Comme le personnage Grosbit, qui est raciste, et dont je critique la pensée car je la trouve vulgaire. Je ne dis pas que tous les flamands sont comme ça, je dis juste comment je perçois ceux qui le sont. Et en même temps, je voulais montrer ces gens, car le problème du Vlaams Blok est de plus en plus grave.
Je ne voulais pas faire un film social et dire « il faudrait améliorer ça », c'est simplement mon point de vue, mais je ne veux pas changer les gens car on ne peut pas les changer, ils doivent changer d'eux-mêmes. Dris, qui est soi-disant l'intelligent, est pour moi aussi un mauvais, car c'est un criminel intellectuel qui manipule tout le monde. C'est pourquoi je voulais qu'il soit sympathique au début mais qu'on se rende compte que c'est lui le mauvais. Dans mon cas, j'ai basé mon travail sur un humour cynique, qui fait mal, mais je voulais aussi jouer avec ça : je ne voulais pas jouer avec une vraie réalité, et je ne voulais, ni copier les Dardenne, niC'est arrivé près de chez vous, je voulais quelque chose entre les deux. Est-ce que ce qu'on voit est réel ? Non ! Mais ce n'est pas éloigné de la réalité pour autant. Ne prenez pas ce film au sérieux, c'est de l'humour très noir, mais ne prenez pas tout comme de la fiction. Il y a une vérité sur notre société dont on devrait retenir certaines choses !
C. : C'est le paradoxe du film : les images sont insoutenables mais en les prenant au xème degré, on peut dépasser cette impression et comprendre ce qu'il y a derrière, et on n'a pas besoin d'aller très loin tant le fond est tangible.
K.M. : C'est un grand débat : certaines personnes disent de mon film qu'il est dangereux, agressif parce le personnage principal n'a pas de rédemption. Mais les gens malveillants n'ont pas de regrets, au contraire, et je voulais faire un film avec ça. Il n'y a pas les bons et les mauvais : il y a des mauvais et des moins mauvais. Les gens sont de plus en plus cyniques, et c'est ça que je trouve véritablement choquant. Ils sont de plus en plus avides de gloire aussi : je me souviens, lors du casting, pour plaisanter, nous demandions aux comédiens s'il étaient prêts à jouer de nombreuses scènes de nus pour avoir le rôle ; ils l'étaient !

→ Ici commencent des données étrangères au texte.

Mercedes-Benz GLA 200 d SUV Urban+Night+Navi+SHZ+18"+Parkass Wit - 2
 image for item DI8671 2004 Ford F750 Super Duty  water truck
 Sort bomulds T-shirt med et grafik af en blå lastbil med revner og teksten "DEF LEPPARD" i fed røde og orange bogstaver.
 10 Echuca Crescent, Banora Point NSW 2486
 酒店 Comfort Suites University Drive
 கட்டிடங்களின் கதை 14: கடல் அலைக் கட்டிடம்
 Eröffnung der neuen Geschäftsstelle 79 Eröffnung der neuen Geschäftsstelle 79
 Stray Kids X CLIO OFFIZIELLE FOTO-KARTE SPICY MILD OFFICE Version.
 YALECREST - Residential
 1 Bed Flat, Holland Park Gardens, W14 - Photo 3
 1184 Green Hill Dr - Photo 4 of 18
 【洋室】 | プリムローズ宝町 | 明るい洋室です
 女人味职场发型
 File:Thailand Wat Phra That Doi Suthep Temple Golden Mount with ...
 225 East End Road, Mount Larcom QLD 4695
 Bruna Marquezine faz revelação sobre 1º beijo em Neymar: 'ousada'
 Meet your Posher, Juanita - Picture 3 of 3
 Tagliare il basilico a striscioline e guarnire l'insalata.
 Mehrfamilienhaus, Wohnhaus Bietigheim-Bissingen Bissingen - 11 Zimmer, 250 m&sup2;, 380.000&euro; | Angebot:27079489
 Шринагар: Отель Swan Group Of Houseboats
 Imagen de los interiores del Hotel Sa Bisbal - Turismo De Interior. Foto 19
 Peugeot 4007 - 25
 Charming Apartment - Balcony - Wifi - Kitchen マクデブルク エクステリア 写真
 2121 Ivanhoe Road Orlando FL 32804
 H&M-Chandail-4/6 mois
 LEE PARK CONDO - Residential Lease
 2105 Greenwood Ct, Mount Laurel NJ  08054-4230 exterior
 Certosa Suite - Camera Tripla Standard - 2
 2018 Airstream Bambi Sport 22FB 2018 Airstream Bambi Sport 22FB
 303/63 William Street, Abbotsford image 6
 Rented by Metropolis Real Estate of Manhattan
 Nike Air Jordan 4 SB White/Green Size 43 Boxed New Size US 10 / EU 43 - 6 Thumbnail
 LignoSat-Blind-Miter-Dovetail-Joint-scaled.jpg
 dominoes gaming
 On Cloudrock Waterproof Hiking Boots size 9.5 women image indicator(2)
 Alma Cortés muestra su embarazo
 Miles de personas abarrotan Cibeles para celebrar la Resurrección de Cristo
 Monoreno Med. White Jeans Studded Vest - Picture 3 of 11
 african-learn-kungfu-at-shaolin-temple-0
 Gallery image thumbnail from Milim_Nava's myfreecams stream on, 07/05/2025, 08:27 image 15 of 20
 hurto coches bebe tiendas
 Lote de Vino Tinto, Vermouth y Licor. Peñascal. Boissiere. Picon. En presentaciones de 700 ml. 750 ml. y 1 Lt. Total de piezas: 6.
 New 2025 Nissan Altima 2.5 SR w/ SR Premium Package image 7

C. : Un petit mot sur tes projets ?
K.M. : Ça va se partager entre la pub et la fiction. Je fais encore des projets de pub parce qu'elle est en train de changer, pas en Belgique mais au niveau mondial. Avec Internet et l'indivdualisme, ce sont des projets intéressants, comme mon projet sur le skateboarding, un film de 50 minutes diffusé dans les magasins spécialisés. En même temps, j'écris mon prochain long métrage et je vais produire ceux des gens que je trouve intéressants parce qu'ils ont quelque chose à dire d'une autre manière que celle du cinéma flamand « classique ».